By Lori Lander Murphy
When the Conaghans are welcomed into the Delaware Valley Irish Hall of Fame as 2023 inductees, it will be both as a family and as individuals who have devoted their lives to their Irish community.
Sarah, Karen and Mary Conaghan consider themselves exceedingly fortunate to have grown up as the daughters of Tom and Mary Conaghan. They couldn’t help but be influenced by the parents’ who met at a dance hall in Killybegs, County Donegal, in 1972 and continued their romance after both arrived separately in Philadelphia. They saw firsthand how Tom and Mary worked hard and created a new life here while maintaining close ties to family and friends in Ireland.
“I found it inspirational that my dad had such passion for his homeland and never forgot where he came from,” Sarah explained. “He still cared about what was going on over there, especially during the 80’s and 90’s with the fight for freedom and all the conflict that was going on. It was motivating and inspirational to have a father who cared so much about issues, who didn’t just sit back and ignore them. Because he could have.”
Karen seconds that. “Another thing I would add is that our parents, both of our parents, always were working so hard at their jobs and on top of that doing so much for the Irish community. I think that made a very deep impact on us that it’s important, in whatever form it takes, to be connected to your community and to do things that contribute to that community.”
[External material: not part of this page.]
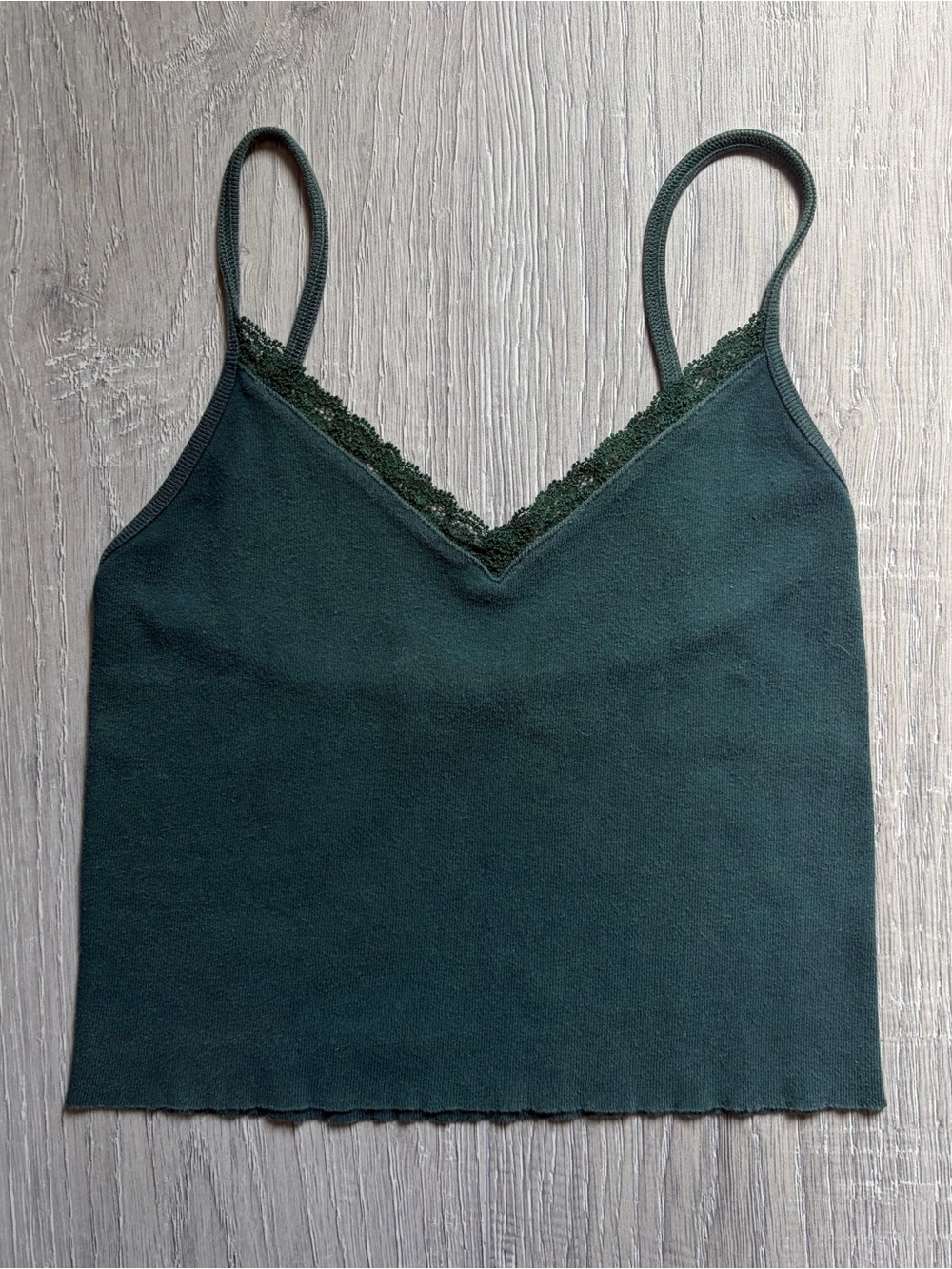 Brandy Melville Dark Green Lace-Trim Cami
It’s no surprise then that it was Mary and her daughters who established the Philadelphia Rose of Tralee Center in 2002 partly as a way to connect the young women of Irish Philadelphia to their larger shared community. Summers spent in Ireland had introduced the girls to the festival and the empowering opportunities it presented to the women who were there to represent their cities. They believed Philadelphia had young ladies who deserved a place on that world stage, so Mary Conaghan went to the conference for the North American Centers and lobbied for Philadelphia to be a part of the festival.
“Mom attended the International Rose Center meeting in Los Angeles in 2001 to get more information and meet the other representatives. She had a positive experience there and we moved forward with becoming an official Rose Center.”
The first year they had 14 girls who participated, and by 2007 they expanded to introduce the Rosebud and Rose Petal programs to include the participation of girls ages 5-17. Since then, 20 women have represented the city, including 2014’s International Rose, Maria Walsh, who is now a Minister of the European Parliament. Many of the young women who participated have remained active in the organization, and as the Conaghans pass the torch to the next generation, it’s continuing to move forward under the leadership of Colleen O’Riordan (2007), Brigid Gallagher (2016) and Tara Grandich (2017).
But before all of this, it was Tom who had led the charge when it came to advocating for change and forward movement in the Irish community.
“It was a very different time,” Mary explained. “So many people suffered so much in the north of Ireland. Losing family members, and the discrimination that they faced in their daily lives.”
Born in Doorin, County Donegal, to Thomas and Frances McLaughlin Conaghan, Tom became aware of inequality in the north of Ireland at a young age. His father had traveled to Scotland for work on a regular basis, but in order to secure a reasonable pension, he was required to live and work there for a whole year. The family moved to Glasgow when Tom was nine, and that one year became 10.
“I’d seen the Civil Rights marches – we’d made trips back and forth from Glasgow to Donegal – and I’d seen some of the abuses that our Irish Nationalist Catholic people went through living in an orange state,” Tom described. “I’d begun to realize there was something very wrong with the six little counties right beside Donegal.”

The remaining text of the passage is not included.